Orador fue Lincoln, cuyo discurso de Gettisburg sigue siendo modélico por breve y turbador. Para orador, Jorge Eliécer Gaitán. Orador fue Unamuno, señores, que días antes de morir, en pocos sosegados minutos denunció para siempre la barbarie del franquismo. Llegado aquí, propongo al lector un ejercicio: quítele usted a Chávez la chequera y dígame que quedan de él y su disparatada torrentera de palabras.
Acertó: sin la petrochequera, el paciente terminal más sano del mundo no es más que un animador de toros coleados en las fiestas patronales de Achaguas. El tipo que no suelta el micrófono, que solicita “por favor, el dueño de la Gran Cherokee que la mueva porque está trancando la salida del camión de cerveza”. Lo que tan desahogadamente los encuestadores-opinadores llaman “lazos emocionales” no es más que la chequera del petroestado populista, nuestra particular advocación del “ogro filantrópico”, cabalmente descrita por Octavio Paz.

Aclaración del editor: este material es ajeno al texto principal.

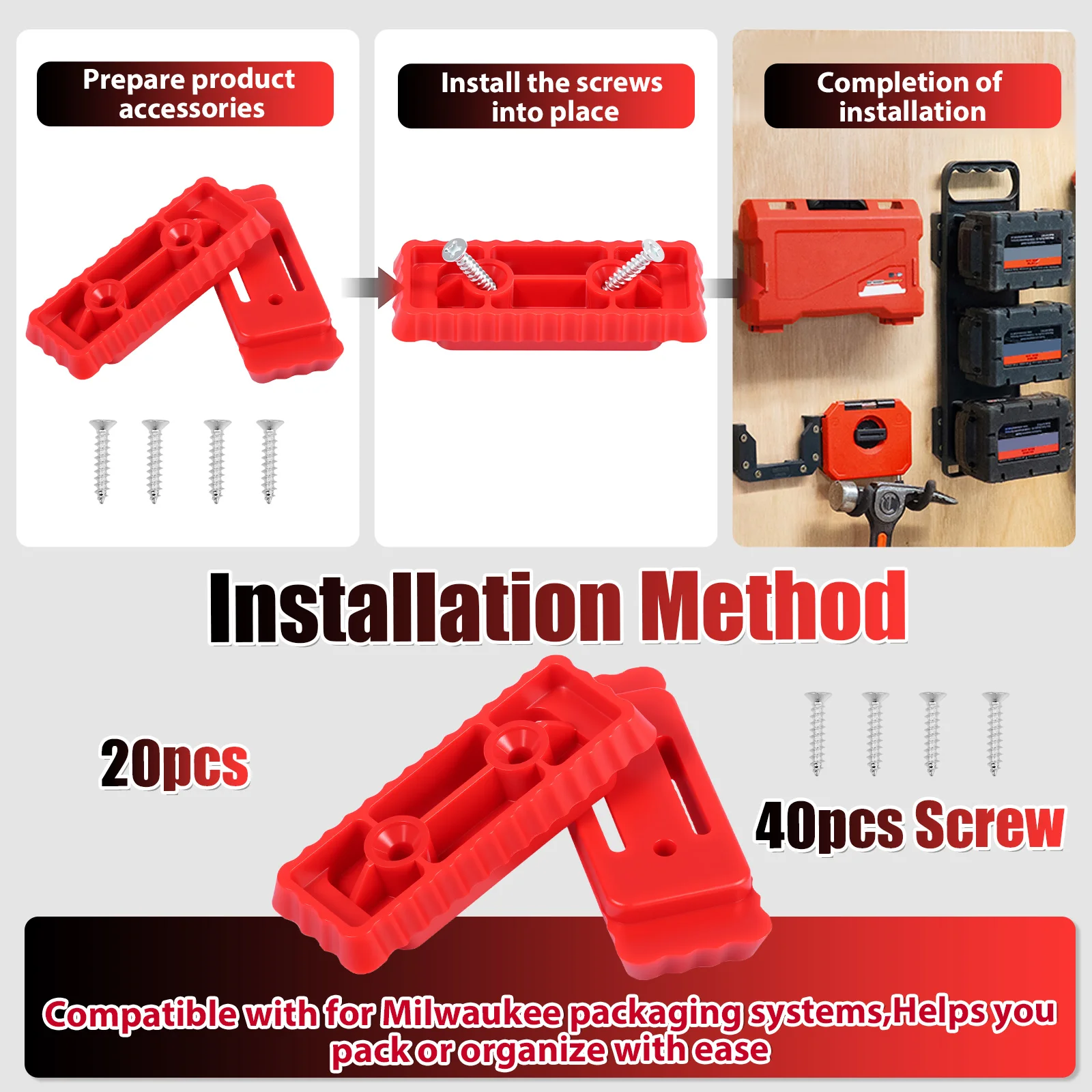 20 Piezas de Soportes de Monta - Tools In Electrical Workshop reseña y precio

Me apresuro a hacer notar que no es pedir demasiado a nuestros encuestadores-hacedores-de-opinión que se expliquen mejor cuando campanudamente sueltan sus imprecisiones sobre impalpables “lazos emocionales”. Los sentimientos morales, en especial los que obran masivamente en política, pueden ciertamente describirse: lo hicieron, y muy bien, Adam Smith y Federico Nietszche, por citar sólo a dos pensadores que no vendían pronósticos electorales envueltos en vaporosas vaguedades. ¡Lazos emocionales, ja! Eso no lo cree ya ni el mismísimo Chávez, el charlatán mayor.

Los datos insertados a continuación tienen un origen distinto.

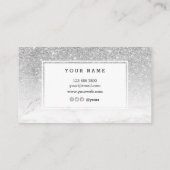 Carte de visite argenté à la mode de marbre de (Dos)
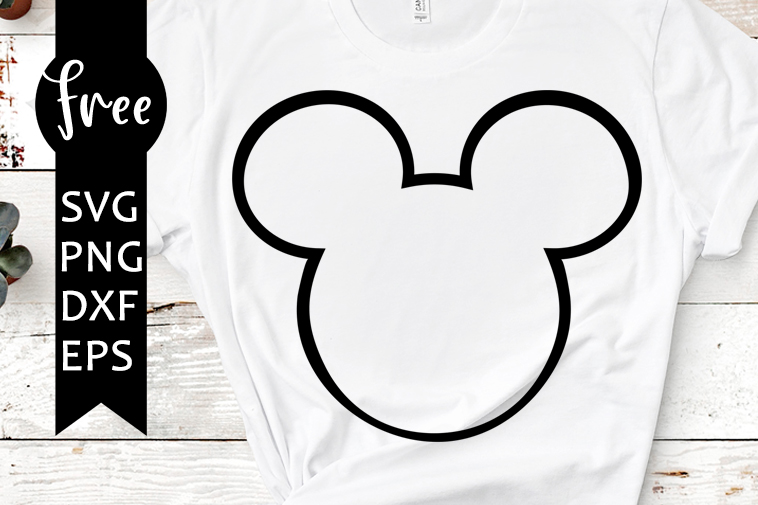 mickey face silhouette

Es muy fácil parecer un orador de gran alcance cuando obligas a la población a soportar tu perorata durante horas en cadena de radio y televisión.
Pero una vez has perdido el crédito que otrora te otorgó la mayoría, gracias a catorce años de desgobierno, latrocinio, atropello, ineptitud y, ¡oh sí!, de inflamada e interminable perorata televisada, quien salga a pedir el voto personalmente, casa por casa, elector por elector agraviado por la tasa de criminalidad, acorralado por la inflación y el desempleo, y lo haga con palabras sencillas que hablan de futuro y de progreso y no del pasado y de la muerte, ése tiene la ventaja.